Molti analisti hanno sottolineato l’avanzata di Hezbollah alle scorse elezioni. In effetti il Partito di Dio ha guadagnato molti voti, soprattutto nel sud del Paese dove è più forte. Tuttavia, sembra che a livello politico poco sia cambiato in Libano.
Basta guardare i nomi delle più importanti cariche dello Stato: Hariri rimarrà premier mentre Nabih Berri rimarrà speaker del Parlamento libanese (carica che ricopre dal 1992).
Hariri e l’unità nazionale
Giustamente il premier Saad Hariri ha sottolineato l’importanza dell’unità nazionale in Libano. Unità nazionale necessaria per affrontare le sfide di domani, dopo gli orrori di una guerra civile che è durata 15 anni.
Per questo motivo, pochi giorni fa, Hariri ha incontrato Samir Geagea, leader cristiano delle Forze Libanesi. In questa occasione, il vecchio guerrigliero ha chiesto al premier di formare un governo con “nuove facce e un nuovo approccio per affrontare i problemi politici ed economici del Paese. Non abbiamo molto tempo, soprattutto per quel che riguarda la situazione socioeconomica”.

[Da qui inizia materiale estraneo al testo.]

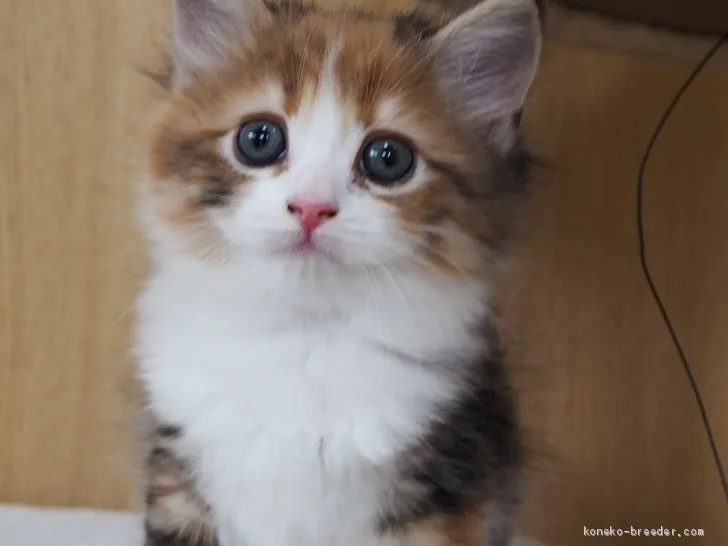ID:1908-01143の子猫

Le Forze Libanesi e Futuro sono due dei soggetti principali dell’alleanza “14 marzo” nata dopo la rivoluzione dei Cedri del 2005, contro l’occupazione siriana del Paese. Un legame che ha portato i due partiti sempre più vicini all’Arabia Saudita, come ci hanno spiegato fonti de Gli Occhi della Guerra da Beirut.
Hariri lontano dai sauditi su Gerusalemme capitale
Mentre l’Arabia Saudita si avvicina sempre di più alla politica del premier israeliano Benjamin Netanyahu, Hariri ha duramente condannato lo spostamento dell’ambasciata americana a Gerusalemme.
Il premier libanese ha infatti detto: “Alla vigilia della ‘nakba‘ (“la catastrofe”, cioè l’espulsione di circa 700mila palestinesi in occasione della fondazione dello Stato di Israele), l’amministrazione americana aggiunge un’altra catastrofe, datata 14 maggio, che lascia tutti gli sforzi di pace nella regione ad un punto morto”. Parole dure che mostrano come Hariri stia cercando di barcamenarsi tra quanto chiedono i suoi sponsor a Riad e la posizione del suo partito (e di molti libanesi).